I always want to respond, “Duh. Mass consecrates all of reality.” You go to Mass to kneel before the Sinless Victim who took the whole frightful, ghastly crisis of the world–which is to say, of all of us–upon himself–all the darkness, all the hatred, the real narrowness, the ideology, the hostility to story, the sneering, the sophisticated, those who pride themselves on being “above” or “beyond” miracles, magic, fairy tales, the birth of a baby.
Can the human mind ever, possibly, wrap itself around the stupendous miracle of God consenting to take on human flesh and come into the world as a baby? You couldn’t make this stuff up which, as C.S. Lewis observed, is why Christianity is in some weird way believable: It has just that “queer twist to it that real things have.”
Anyway, I have donned my Madonna-blue tank top, not that anyone will be able to see it beneath my layers of drab-green outerwear. I have shared some of the crazy generosity that’s been showered on me with my parish, the homeless guys, my Guatemalan sponsee Josue Gilberto, and some other people. I have opened all the Advent calendar doors.
I have ordered a rib-eye steak with the Cheesecake Factory gift card I received yesterday. That’s right. I rarely eat meat, and steak almost never (I don’t know how to cook it) but I have ordered myself a steak, medium rare, with mashed potatoes and green beans (the sole options), which I will pick up after the 6 pm Vigil Mass and eat, alone, with the candles lit and Bach’s Christmas Oratorio playing in the background.
Then I’m going to watch what looks like a fairly corny 1954 movie called The Holly and the Ivy, and play some carols on the piano, and pray Compline, and probably be in bed by 10.
Meanwhile I have heard from, received gifts from, exchanged emails with, and nattered on the phone and/or zoom with any number of blessed friends and acquaintances this week. While also guarding my energy, heart, and prayer time.
But tomorrow is Christmas Day. We have made it through these past months, somehow, limping a bit by now, but still: made it through a pandemic, civil unrest, a contentious Presidential election, wildfires for many of us, closed churches, uncertainty and angst on a scale new for us Westerners, the sickness and deaths of loved ones. Temptations to act out in various ways. Our own fevered psyches.

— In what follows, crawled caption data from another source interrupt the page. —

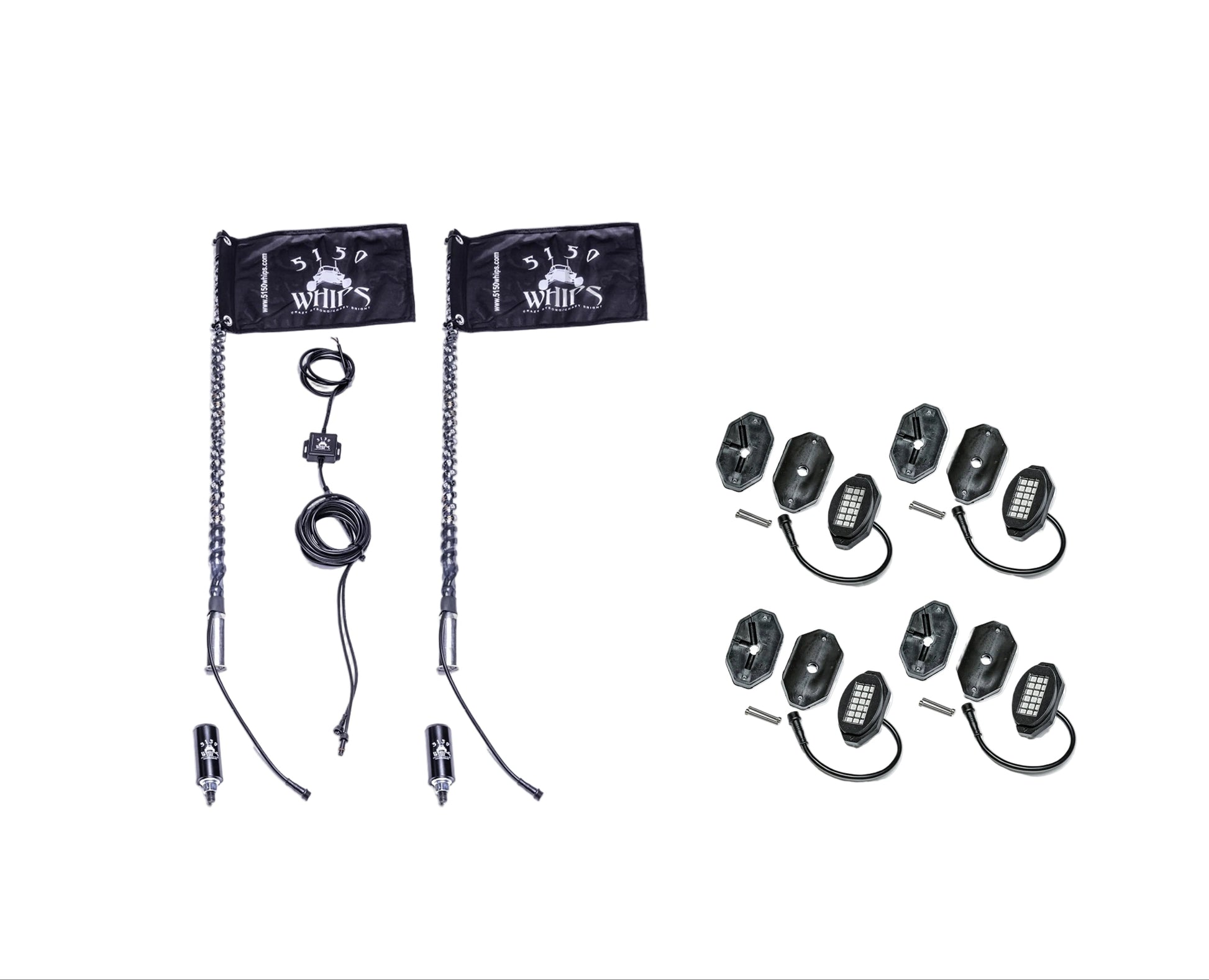 187 Whips and Rock Light Combo Kit 5150 Whips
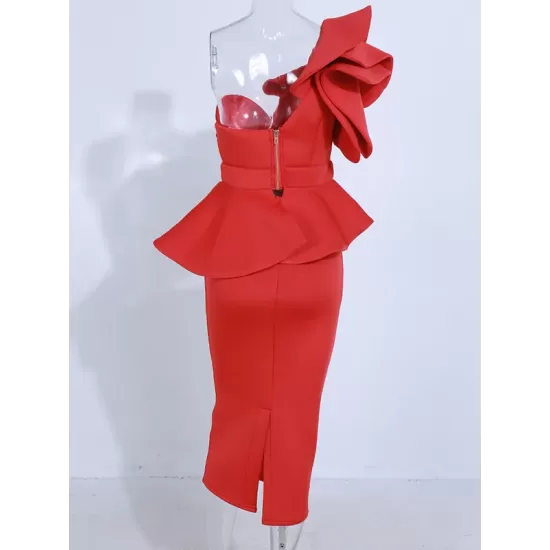 Evening Irregularity Backless Solid Dress Evening Irregularity Backless Solid Dress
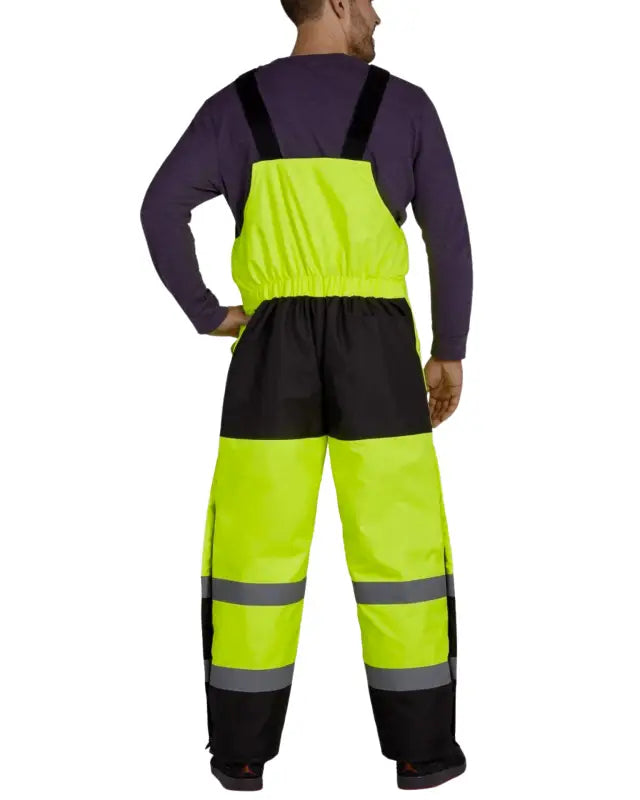 High-visibility UHV500 HiVis Lined Bib Overalls with black panels and reflective stripes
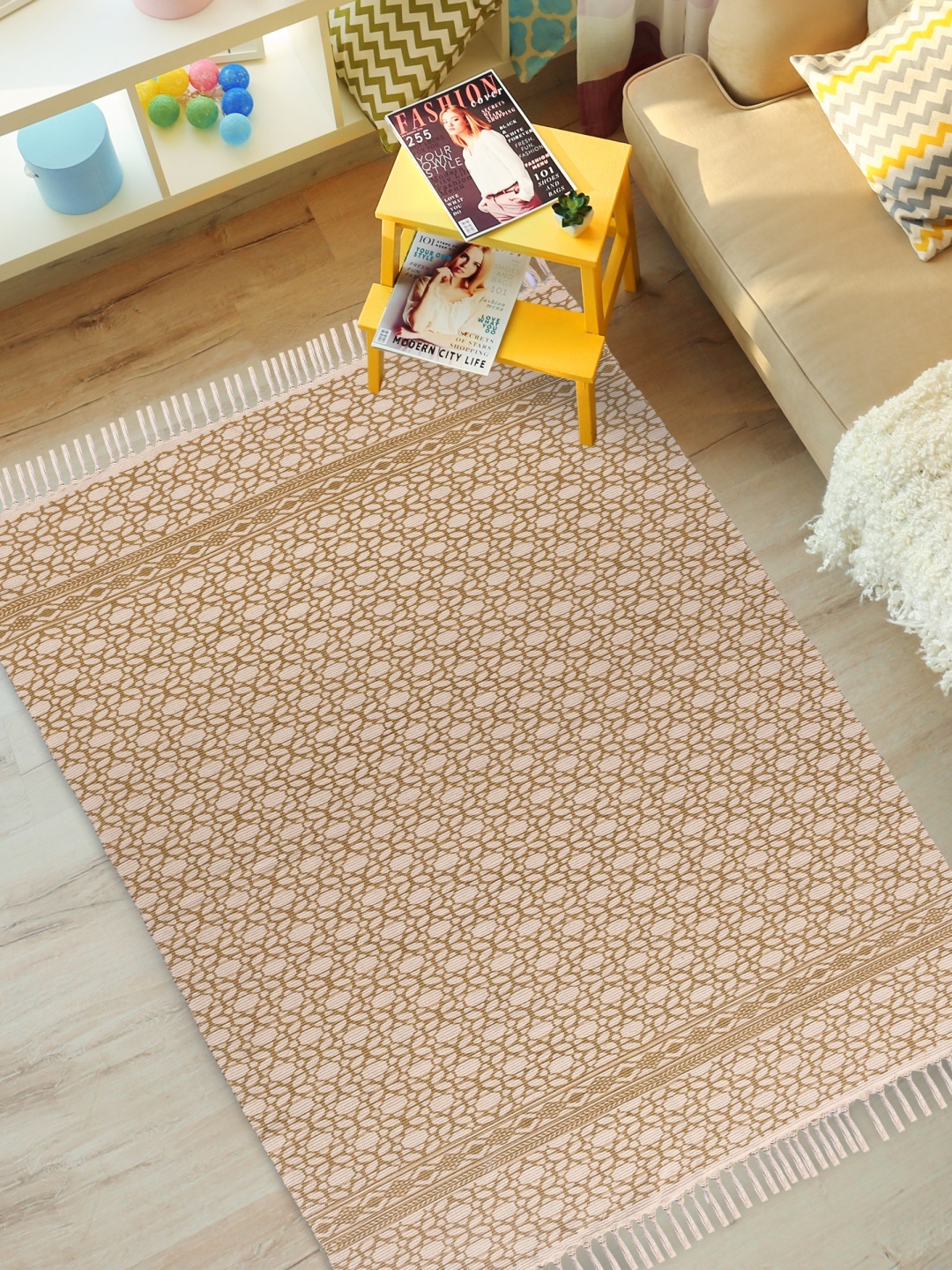 

URBAN SPACE Beige Printed Anti-Skid Cotton Carpets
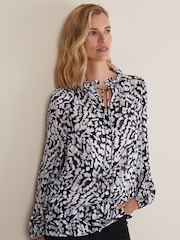 Phase Eight Grey Amryn Printed Top - Image 4 of 6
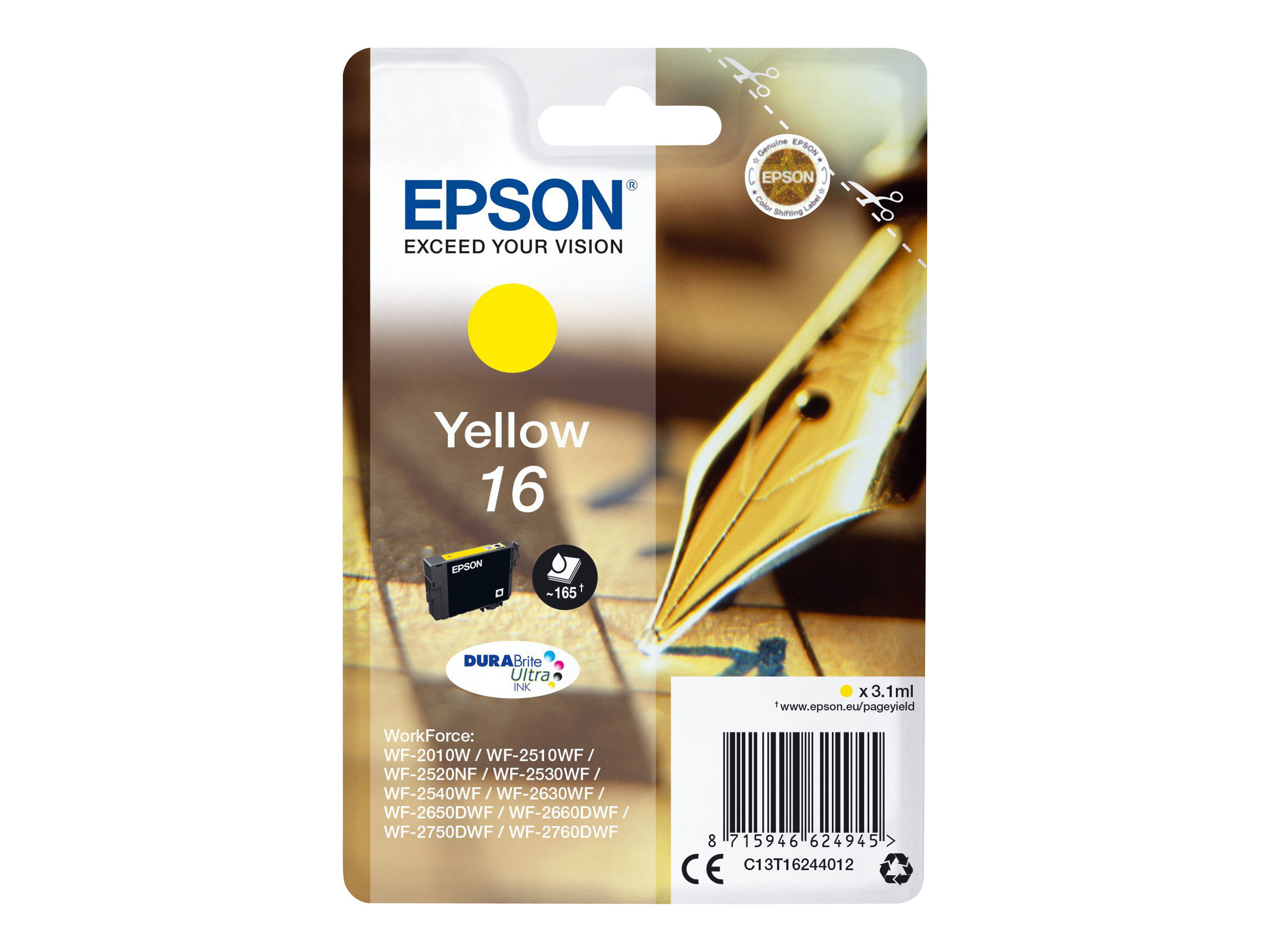 Epson 16 - 3.1 ml - Gelb - Original - Blister mit RF-Alarm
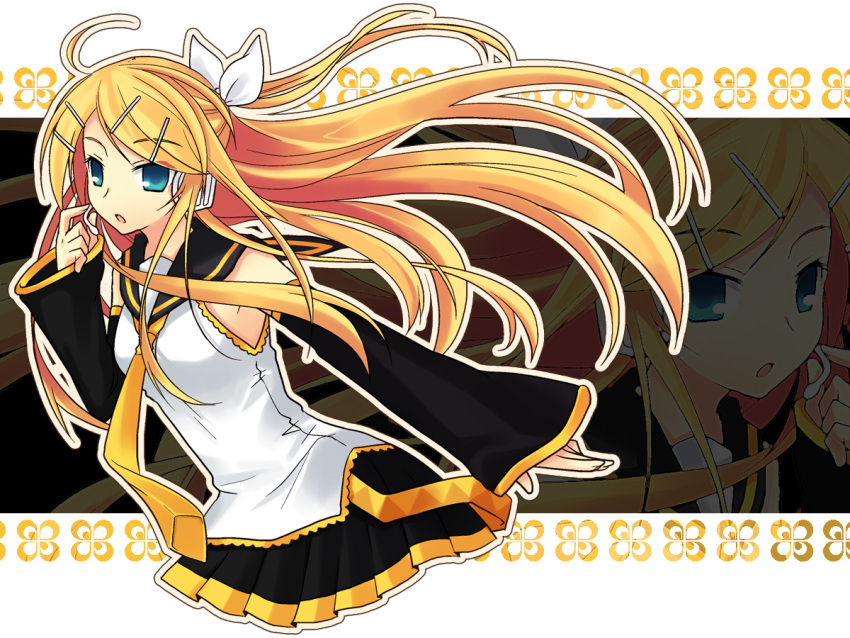 alternate_hairstyle blonde_hair blue_eyes colored detached_sleeves headset kagamine_rin long_hair necktie skirt tamura_hiro vocaloid zoom_layer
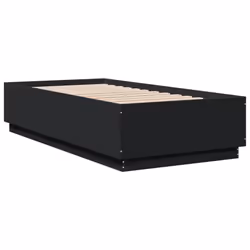 vidaXL Bed Frame with LED Lights Bed Base Mattress Foundation Engineered Wood - black, 75 x 190 cm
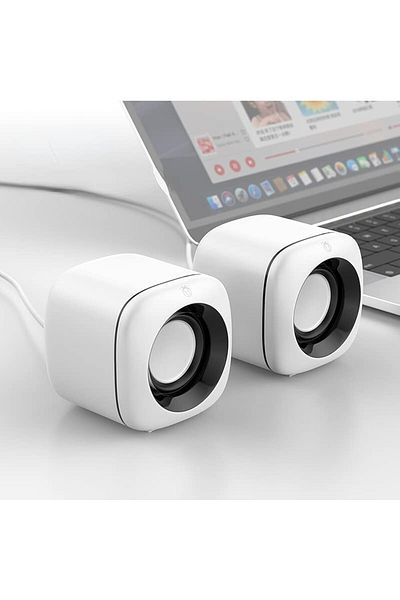 COOYA White USB Computer Speaker, Subwoofer, Wired Music Player Not Bluetooth Speaker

But we have made it. So wishing one and all peace, love and joy on this Holiest of Holy Nights, and a very Merry Christmas.
Merry Christmas Heather. If you had your Christmas Eve dinner alone, we were having it alone together at about the same time. Except mine was a chicken meatball sandwich while I listened to Handel’s Messiah.
Omg, a chicken meatball sandwich coupled with the Messiah sounds so good, Susan! I have plenty of leftover ribeye, and that old movie was pretty damn good–Merry Christmas to you!
Our Parish, and others, have been open since May. I can’t image how difficult it must be for so many to not have Mass and receive Jesus. Christmas Blessings to you!
I finally got to Confession this week, too! So glad your parish remained open, Laura–Christmas blessings to you as well, and thank you–
Merry Christmas, Heather! Thank you for all you do!
Merry Christmas, dear Lisa!!
Merry Christmas Heather
And to you, Ron!
I rejoice with you at the opening of your church! I am so grateful to be able to attend Mass and feel safe due to the hard work of our parishioners and the careful guidance of our bishop. So glad for your joyful Christmas.
Thank you, Mary, and Blessed Feast of the Holy Family!